Refactoring for Smaller Code
Everyone loves to preach about refactoring. How you should refactor, why you should refactor, when you should refactor, etc. But, does anyone actually measure the effect of refactoring on their code? Some people do, but I'm willing to bet that a larger portion of the crowd don't. They worry about their trivial asthetic concerns and leave the compiler to its own devices in the hopes that it will magically produce better code.
Consider the case of developing an embedded application. It's one area where refactoring can substantially benfit or harm the end goal: to keep the code small and fast. With this post, I'm going to write very simple program, and then refactor it, measuring the results along the way.
Now, keep in mind the fact that optimization by the compiler may produce varied results with different compiler versions and may perform differently across different architectures. YMMV, but you can't deny that sometimes the compiler needs a helping hand. :P
Remember, the way you structure your code will impact how the compiler
generates and optimizes that code. For the record, the code and results
below were written and compiled on an x86_64
machine with the
following version of GCC:
$ gcc --version gcc (Gentoo 4.8.3 p1.1, pie-0.5.9) 4.8.3 Copyright (C) 2013 Free Software Foundation, Inc. This is free software; see the source for copying conditions. There is NO warranty; not even for MERCHANTABILITY or FITNESS FOR A PARTICULAR PURPOSE.
The Program
Our victim for this evening will be a very simple, and quickly implemented. "echo" server. You connect to it, and it echoes back whatever you send it.

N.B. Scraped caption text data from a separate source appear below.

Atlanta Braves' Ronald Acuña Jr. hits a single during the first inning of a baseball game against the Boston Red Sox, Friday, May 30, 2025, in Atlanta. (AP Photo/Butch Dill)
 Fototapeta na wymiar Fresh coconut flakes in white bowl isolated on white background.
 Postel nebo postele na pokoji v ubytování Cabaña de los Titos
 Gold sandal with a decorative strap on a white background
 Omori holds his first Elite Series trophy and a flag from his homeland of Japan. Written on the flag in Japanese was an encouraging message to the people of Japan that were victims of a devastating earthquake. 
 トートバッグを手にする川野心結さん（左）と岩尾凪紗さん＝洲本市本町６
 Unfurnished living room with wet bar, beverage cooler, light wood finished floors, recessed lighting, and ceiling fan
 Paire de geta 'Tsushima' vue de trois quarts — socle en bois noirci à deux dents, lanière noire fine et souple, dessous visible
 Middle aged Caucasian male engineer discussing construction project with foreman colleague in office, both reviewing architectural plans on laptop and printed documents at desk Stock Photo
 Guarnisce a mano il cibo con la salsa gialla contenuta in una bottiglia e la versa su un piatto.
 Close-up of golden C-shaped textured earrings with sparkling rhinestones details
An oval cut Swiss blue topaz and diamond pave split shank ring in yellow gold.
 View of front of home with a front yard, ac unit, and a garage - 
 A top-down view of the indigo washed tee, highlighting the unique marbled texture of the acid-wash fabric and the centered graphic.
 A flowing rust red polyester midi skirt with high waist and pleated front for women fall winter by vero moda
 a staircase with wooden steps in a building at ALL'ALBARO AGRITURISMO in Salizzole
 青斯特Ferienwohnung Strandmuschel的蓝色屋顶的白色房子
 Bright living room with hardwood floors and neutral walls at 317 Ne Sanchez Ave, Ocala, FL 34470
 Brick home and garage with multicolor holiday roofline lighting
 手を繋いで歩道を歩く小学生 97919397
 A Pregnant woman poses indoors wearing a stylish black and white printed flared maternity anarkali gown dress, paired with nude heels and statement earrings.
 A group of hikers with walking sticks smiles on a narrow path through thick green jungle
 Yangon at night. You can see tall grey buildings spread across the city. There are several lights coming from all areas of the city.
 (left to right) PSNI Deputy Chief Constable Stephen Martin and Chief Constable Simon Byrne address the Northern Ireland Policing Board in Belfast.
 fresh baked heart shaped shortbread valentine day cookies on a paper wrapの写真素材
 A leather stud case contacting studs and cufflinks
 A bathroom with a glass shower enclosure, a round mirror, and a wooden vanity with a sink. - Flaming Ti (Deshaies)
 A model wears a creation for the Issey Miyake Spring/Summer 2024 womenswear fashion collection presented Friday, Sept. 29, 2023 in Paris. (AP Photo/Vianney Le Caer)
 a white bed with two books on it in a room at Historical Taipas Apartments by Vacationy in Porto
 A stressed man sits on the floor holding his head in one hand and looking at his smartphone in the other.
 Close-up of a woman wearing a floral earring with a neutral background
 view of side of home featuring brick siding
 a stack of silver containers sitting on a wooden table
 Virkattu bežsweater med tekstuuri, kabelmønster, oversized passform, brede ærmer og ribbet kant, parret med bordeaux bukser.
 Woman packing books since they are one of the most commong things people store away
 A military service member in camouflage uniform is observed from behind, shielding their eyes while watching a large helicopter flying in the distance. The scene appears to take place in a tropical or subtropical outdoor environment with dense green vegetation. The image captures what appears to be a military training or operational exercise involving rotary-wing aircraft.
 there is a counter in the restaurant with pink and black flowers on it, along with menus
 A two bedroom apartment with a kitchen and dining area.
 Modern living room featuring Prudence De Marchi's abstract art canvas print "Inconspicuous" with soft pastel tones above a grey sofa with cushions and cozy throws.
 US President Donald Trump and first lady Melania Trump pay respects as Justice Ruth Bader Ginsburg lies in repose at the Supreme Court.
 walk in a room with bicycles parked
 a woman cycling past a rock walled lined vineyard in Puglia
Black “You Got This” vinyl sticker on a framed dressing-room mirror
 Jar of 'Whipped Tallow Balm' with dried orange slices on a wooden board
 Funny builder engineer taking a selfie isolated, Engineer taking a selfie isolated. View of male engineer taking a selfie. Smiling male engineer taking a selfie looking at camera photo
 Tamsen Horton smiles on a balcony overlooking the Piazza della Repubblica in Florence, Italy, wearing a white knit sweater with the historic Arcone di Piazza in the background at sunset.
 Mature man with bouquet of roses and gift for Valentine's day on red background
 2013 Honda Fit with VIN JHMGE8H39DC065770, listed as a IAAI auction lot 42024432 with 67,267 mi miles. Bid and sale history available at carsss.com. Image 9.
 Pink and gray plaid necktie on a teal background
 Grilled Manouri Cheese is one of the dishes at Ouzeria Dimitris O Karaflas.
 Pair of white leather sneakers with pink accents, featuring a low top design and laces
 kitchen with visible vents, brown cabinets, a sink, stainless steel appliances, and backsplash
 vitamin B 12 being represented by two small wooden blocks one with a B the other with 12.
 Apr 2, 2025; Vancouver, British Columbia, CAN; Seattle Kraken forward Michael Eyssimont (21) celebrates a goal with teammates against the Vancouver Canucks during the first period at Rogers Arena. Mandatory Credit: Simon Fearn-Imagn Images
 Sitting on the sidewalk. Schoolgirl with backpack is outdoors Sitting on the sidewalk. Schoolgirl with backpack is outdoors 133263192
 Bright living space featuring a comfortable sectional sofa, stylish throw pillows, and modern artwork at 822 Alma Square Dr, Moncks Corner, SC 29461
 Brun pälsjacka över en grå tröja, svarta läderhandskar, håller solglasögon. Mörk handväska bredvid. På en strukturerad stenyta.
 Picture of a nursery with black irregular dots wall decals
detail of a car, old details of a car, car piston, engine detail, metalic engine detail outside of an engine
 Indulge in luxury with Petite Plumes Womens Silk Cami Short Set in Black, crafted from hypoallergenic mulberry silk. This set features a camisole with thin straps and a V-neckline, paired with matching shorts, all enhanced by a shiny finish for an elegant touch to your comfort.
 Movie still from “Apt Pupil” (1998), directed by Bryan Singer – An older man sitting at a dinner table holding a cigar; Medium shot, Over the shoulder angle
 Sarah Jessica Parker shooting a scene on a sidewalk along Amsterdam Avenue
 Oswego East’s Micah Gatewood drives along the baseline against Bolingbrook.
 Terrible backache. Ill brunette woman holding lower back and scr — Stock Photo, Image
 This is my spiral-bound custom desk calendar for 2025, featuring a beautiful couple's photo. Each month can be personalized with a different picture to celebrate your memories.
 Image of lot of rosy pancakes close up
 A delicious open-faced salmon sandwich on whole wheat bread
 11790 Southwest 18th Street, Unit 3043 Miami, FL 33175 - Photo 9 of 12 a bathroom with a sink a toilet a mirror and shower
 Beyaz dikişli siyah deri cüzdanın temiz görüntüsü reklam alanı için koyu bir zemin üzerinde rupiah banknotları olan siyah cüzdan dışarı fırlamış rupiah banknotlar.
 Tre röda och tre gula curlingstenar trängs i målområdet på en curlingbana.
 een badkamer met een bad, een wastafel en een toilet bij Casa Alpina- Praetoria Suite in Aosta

Let's look at how big this program is:
$ gcc -O0 -Wall -o echo-O0 echo.c $ gcc -O2 -Wall -o echo-O2 echo.c $ gcc -Os -Wall -o echo-Os echo.c $ size echo-O* text data bss dec hex filename 3086 688 48 3822 eee echo-O0 2879 664 48 3591 e07 echo-O2 2775 664 48 3487 d9f echo-Os $ readelf -s echo-O* | grep ' FUNC ' | grep -v ' UND ' | grep main 60: 00000000004009fd 665 FUNC GLOBAL DEFAULT 12 main 56: 0000000000400860 608 FUNC GLOBAL DEFAULT 12 main 56: 0000000000400860 513 FUNC GLOBAL DEFAULT 12 main
| Optimzation Level | .text Size | functions Size | | ----------------- | ---------- | -------------- | | -O0 (None) | 3086 | 665 | | -O2 (Speed) | 2879 | 608 | | -Os (Size) | 2775 | 513 |
This will be our baseline measurement for comparing changes during our refactoring. Optimization Level refers to what level of optimization we instructed the compiler to use, .text Size is the size of the resulting binary's .text section where our code is stored. functions Size is the total size of all functions we've written.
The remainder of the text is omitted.